» THE TASK: Only the tail of the listing is wanted: the line containing "DH-CS4010-8ET-60. Switch dahua" and all after it, repeated exactly, pictures omitted.

» INPUT DATA:

--- START ---

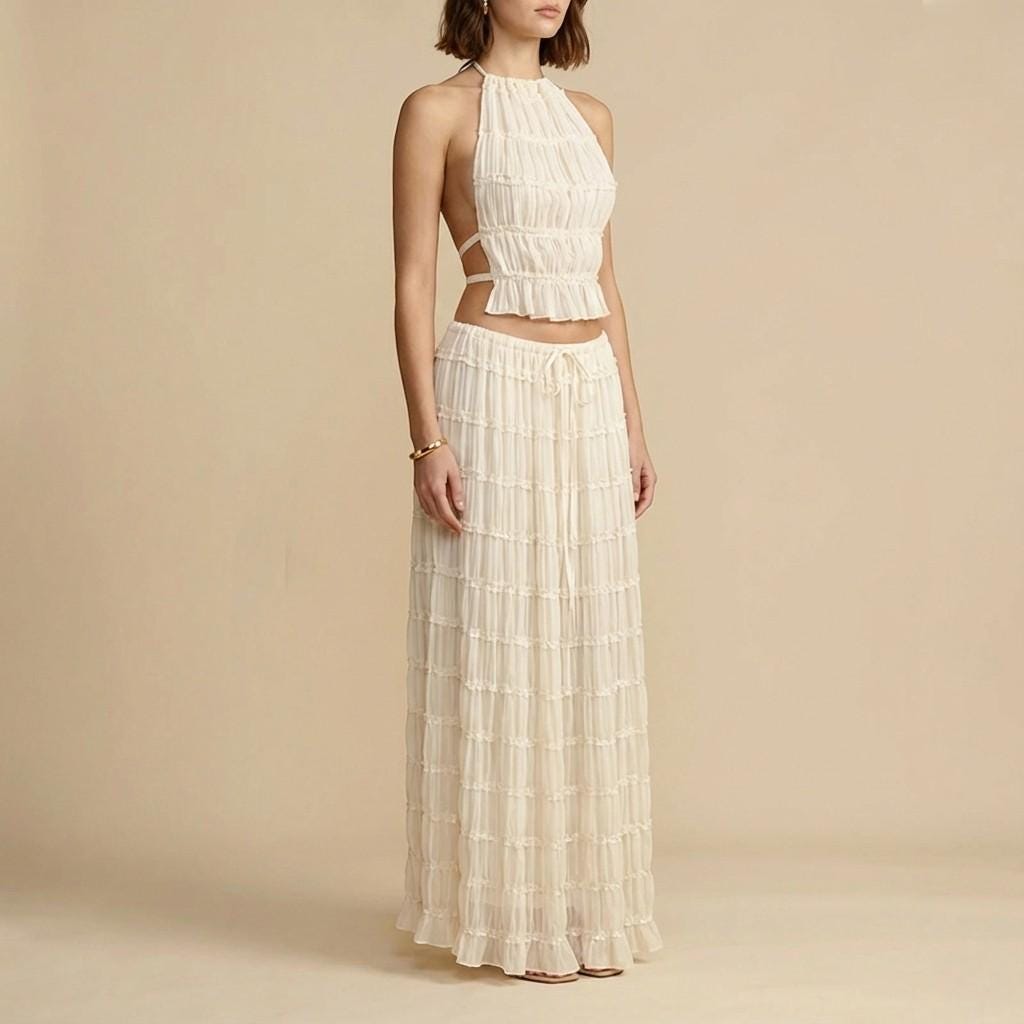 Women’s Halter Crop Top and Maxi Skirt Set – Summer Two Piece Outfit, Flowy Textured Co-Ord Set, Beach & Vacation Wear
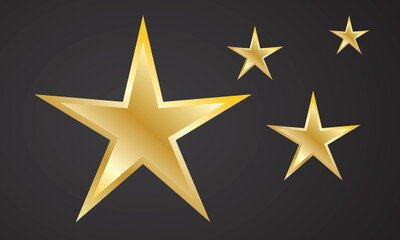 Gold stars isolated on black background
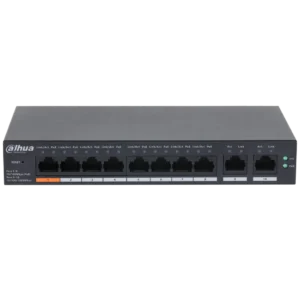 DH-CS4010-8ET-60. Switch dahua cloud de 8 puertos PoE 10/100 Mbps 2 puertos Uplink de 10/100/1000 Mbps, soporta máximo 60W entre todos sus puertos PoE
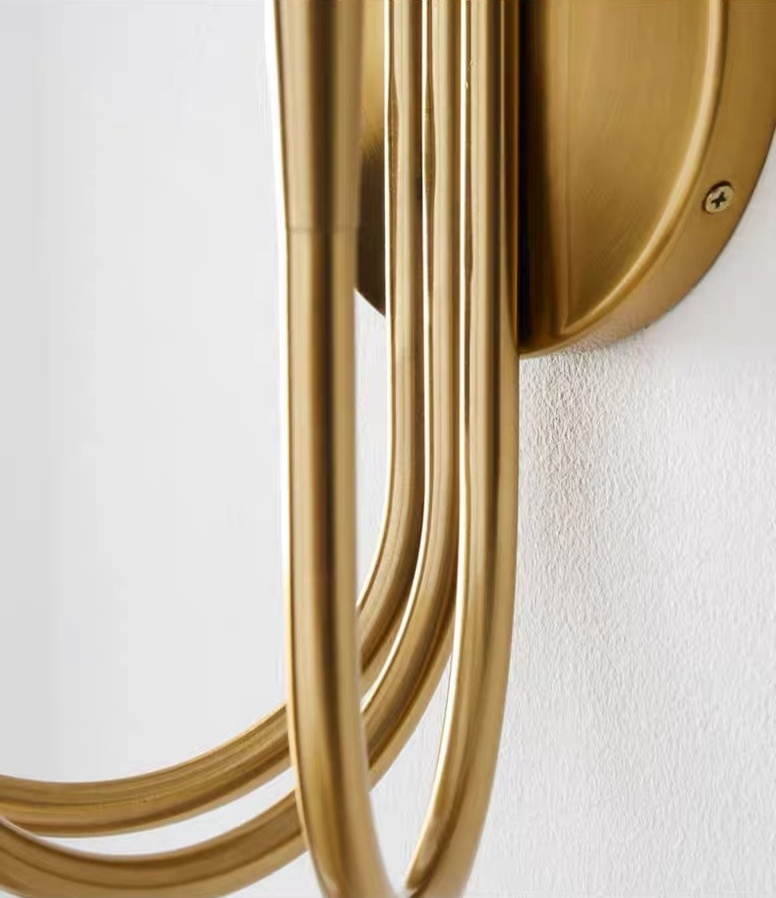 โคมไฟติดผนังภายในเหล็กทรงโค้งเส้นตรงตัว U ไฟ 3 ดวง สไตล์ Northern Europe [3H-EW]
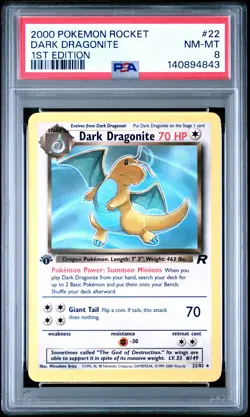 2000 POKEMON ROCKET 1ST EDITION #22 DARK DRAGONITE PSA 8 - Image 1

--- END ---

» RESULT FOR THIS TASK:
 DH-CS4010-8ET-60. Switch dahua cloud de 8 puertos PoE 10/100 Mbps 2 puertos Uplink de 10/100/1000 Mbps, soporta máximo 60W entre todos sus puertos PoE
 โคมไฟติดผนังภายในเหล็กทรงโค้งเส้นตรงตัว U ไฟ 3 ดวง สไตล์ Northern Europe [3H-EW]
 2000 POKEMON ROCKET 1ST EDITION #22 DARK DRAGONITE PSA 8 - Image 1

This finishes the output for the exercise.